7. En dernier lieu, aux termes de l’article L. 435-1 du code de l’entrée et du séjour des étrangers et du droit d’asile : « L’étranger dont l’admission au séjour répond à des considérations humanitaires ou se justifie au regard des motifs exceptionnels qu’il fait valoir peut se voir délivrer une carte de séjour temporaire portant la mention » salarié « , » travailleur temporaire « ou » vie privée et familiale « , sans que soit opposable la condition prévue à l’article L. 412-1. / Lorsqu’elle envisage de refuser la demande d’admission exceptionnelle au séjour formée par un étranger qui justifie par tout moyen résider habituellement en France depuis plus de dix ans, l’autorité administrative est tenue de soumettre cette demande pour avis à la commission du titre de séjour prévue à l’article L. 432-14. / Les modalités d’application du présent article sont définies par décret en Conseil d’Etat ».
8. Le requérant se prévaut de la durée de sa présence sur le territoire français, de son intégration professionnelle et de la présence en France d’une de ses sœurs et d’oncles. Toutefois, ces circonstances ne suffisent pas, à elles seules et pour les mêmes motifs que ceux mentionnés au point 6 du présent jugement, à établir l’existence de considérations humanitaires ou de motifs exceptionnels justifiant son admission exceptionnelle au séjour. Dans ces conditions, le préfet de la Loire-Atlantique, en adoptant la décision attaquée, n’a pas méconnu les dispositions de l’article L. 435-1 du code de l’entrée et du séjour des étrangers et du droit d’asile.
Sur la légalité des décisions portant obligation de quitter le territoire français et fixant le pays de destination :
9. En premier lieu, pour les mêmes motifs que ceux exposés aux points 6 et 8 du jugement, M. C n’établit pas que le préfet aurait commis une erreur manifeste dans l’appréciation des conséquences de ses décisions sur sa situation personnelle.

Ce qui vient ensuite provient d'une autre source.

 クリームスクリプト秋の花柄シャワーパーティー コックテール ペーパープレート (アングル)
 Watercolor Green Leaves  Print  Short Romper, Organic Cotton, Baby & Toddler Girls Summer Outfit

10. En dernier lieu, la décision portant refus de délivrance d’un titre de séjour n’étant pas entachée d’illégalité, le moyen tiré de cette illégalité soulevé à l’encontre de la décision portant obligation de quitter le territoire français et de la décision fixant le pays de destination doit être écarté.

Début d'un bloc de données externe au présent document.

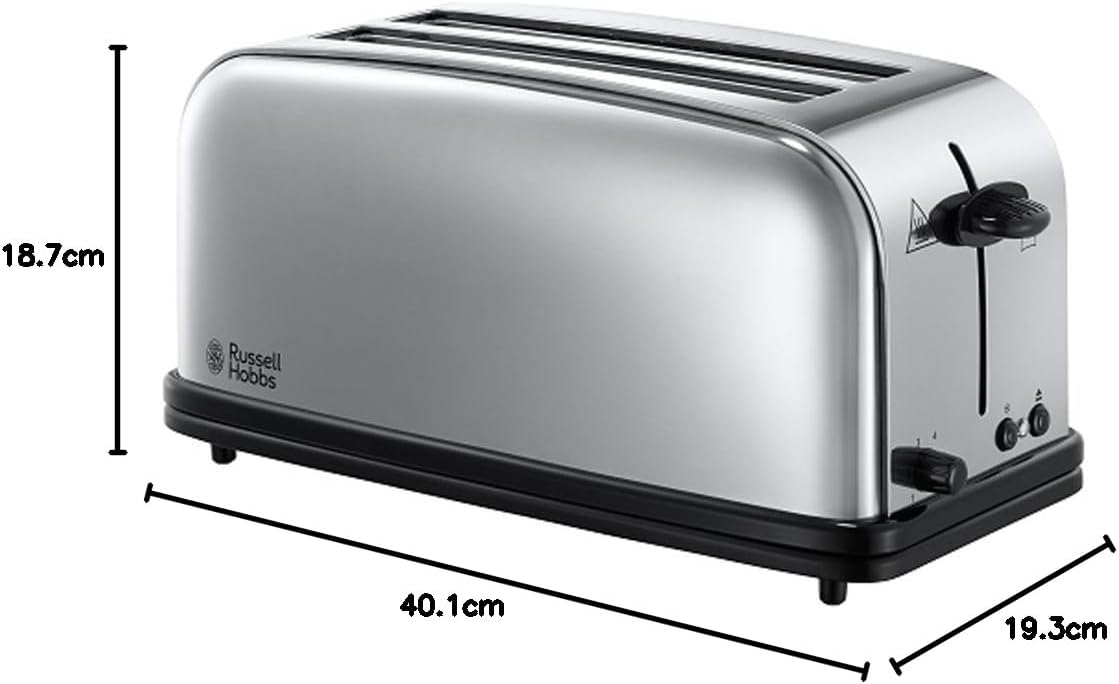 Russell Hobbs Victory 2-Slot Stainless Steel Toaster with Wide Slots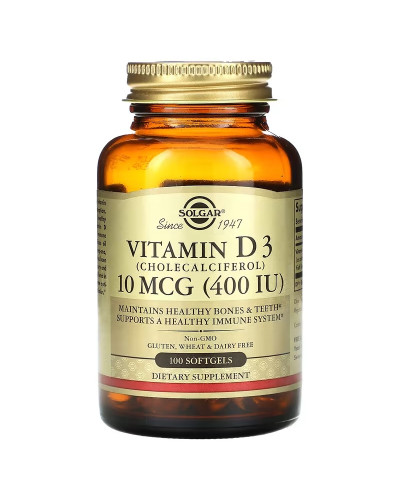 Вітамін D3, 10 мкг (400 МО), Vitamin D3 (Cholecalciferol), Solgar, 240 гелевих капсул
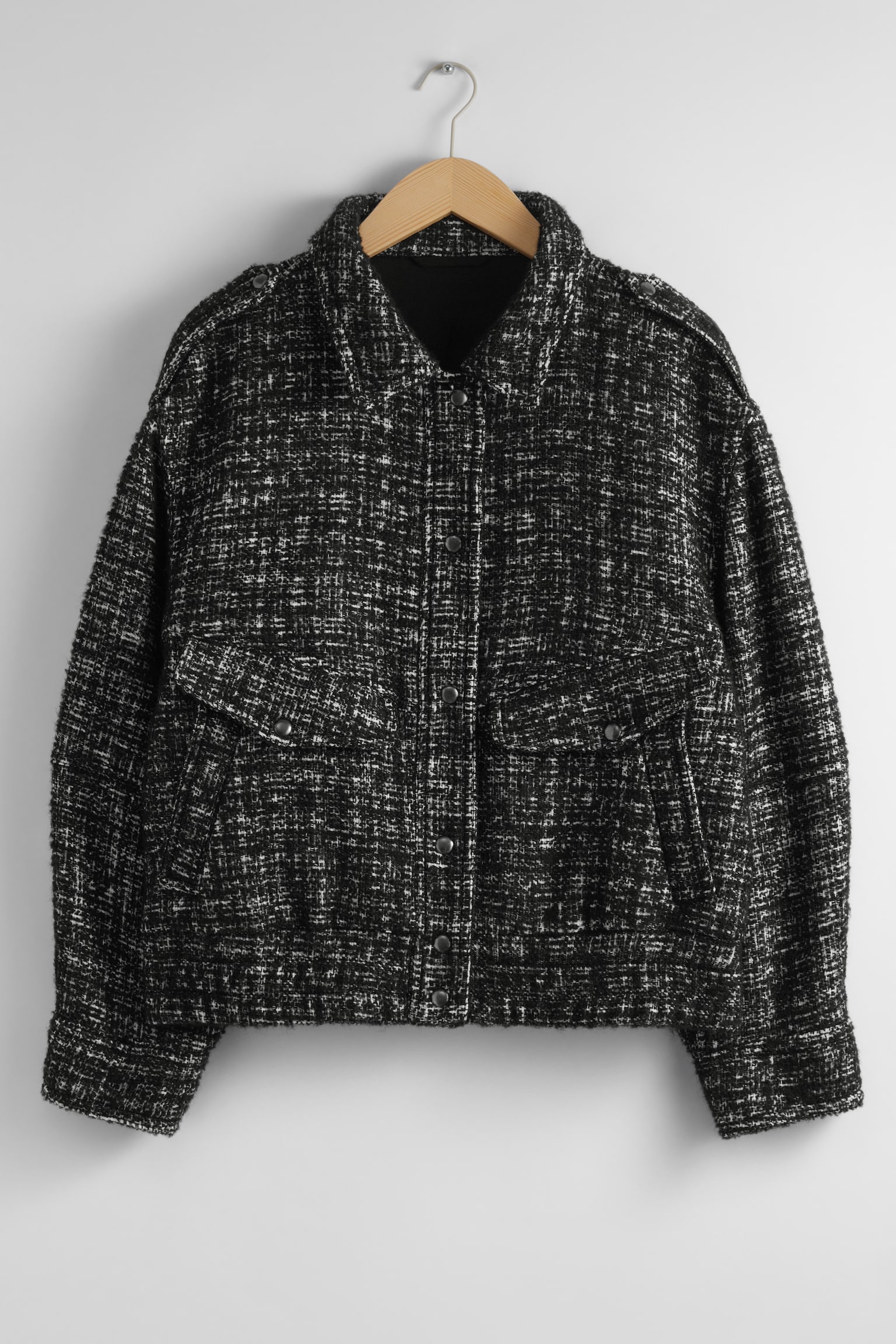 Boxy Tweed Jacket - Black Tweed - 2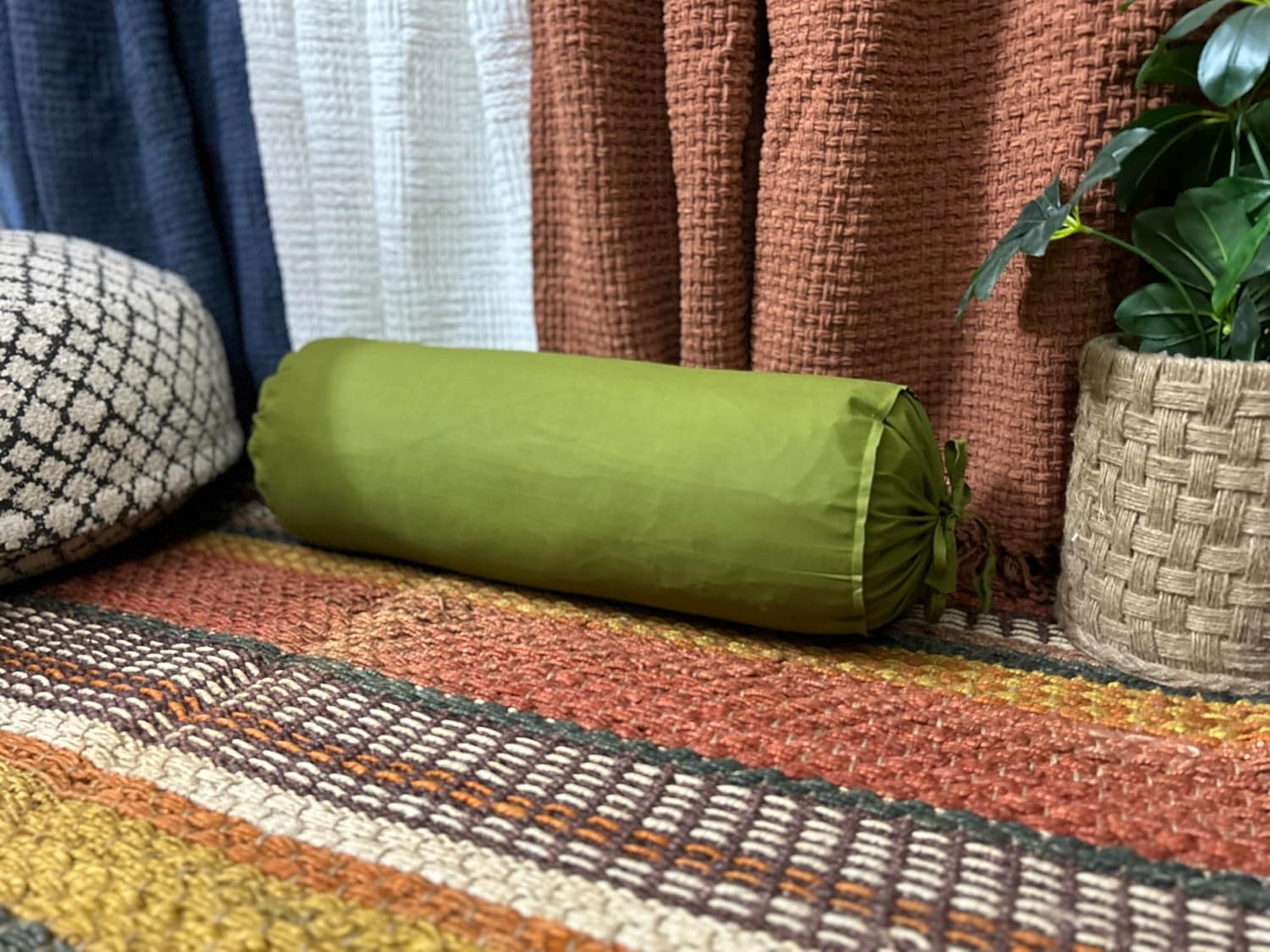 2 Pcs Cervical Neck Roll Pillow Cover with Drawstring closures Round Neck Roll Pillow Case cotton Bolster Pillowcases for Cylindrical Cushion (Olive Green, 6 x18 inch ( 15 x45.5 cm ))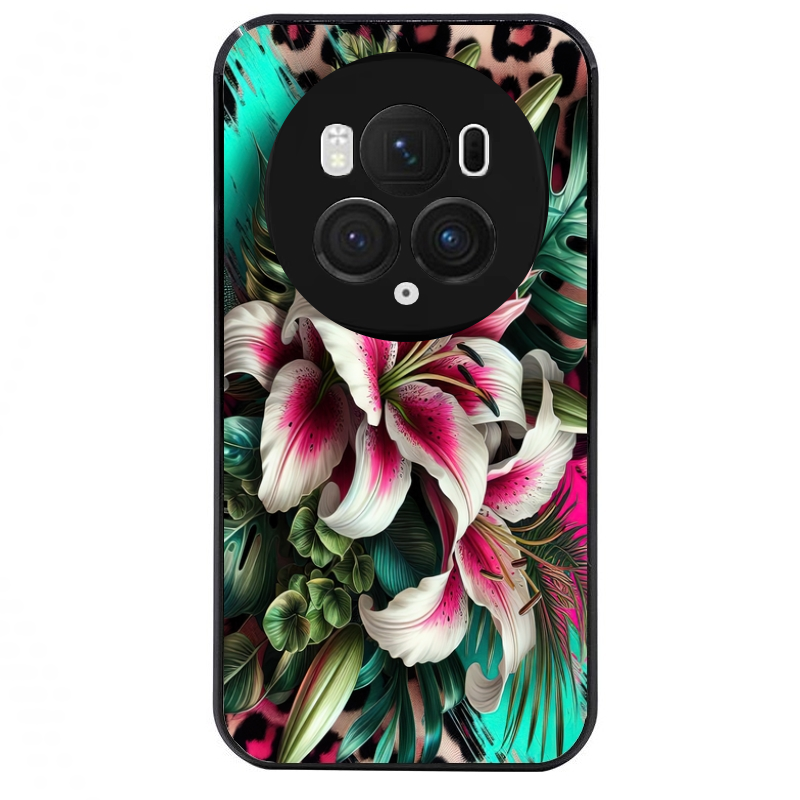 Coque noire taperso pour Magic 5 6 LITE et PRO avec motif leopard hibiscus protection antichoc personnalisée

11. Il résulte de tout ce qui précède que la requête de M. C doit être rejetée en toutes ses conclusions.
D E C I D E :
Article 1er : La requête de M. C est rejetée.
Article 2 : Le présent jugement sera notifié à M. D C et au préfet de la Loire-Atlantique.
Délibéré après l’audience du 15 mai 2025, à laquelle siégeaient :
M. Giraud, président,
Mme Beyls, conseillère,
M. Huet, conseiller.
Rendu public par mise à disposition au greffe le 12 juin 2025.
Le rapporteur,
F. HUET
Le président,
T. GIRAUD
Le greffier,
G. VIEL
La République mande et ordonne au préfet de la Loire-Atlantique en ce qui le concerne ou à tous commissaires de justice à ce requis en ce qui concerne les voies de droit commun contre les parties privées, de pourvoir à l’exécution de la présente décision.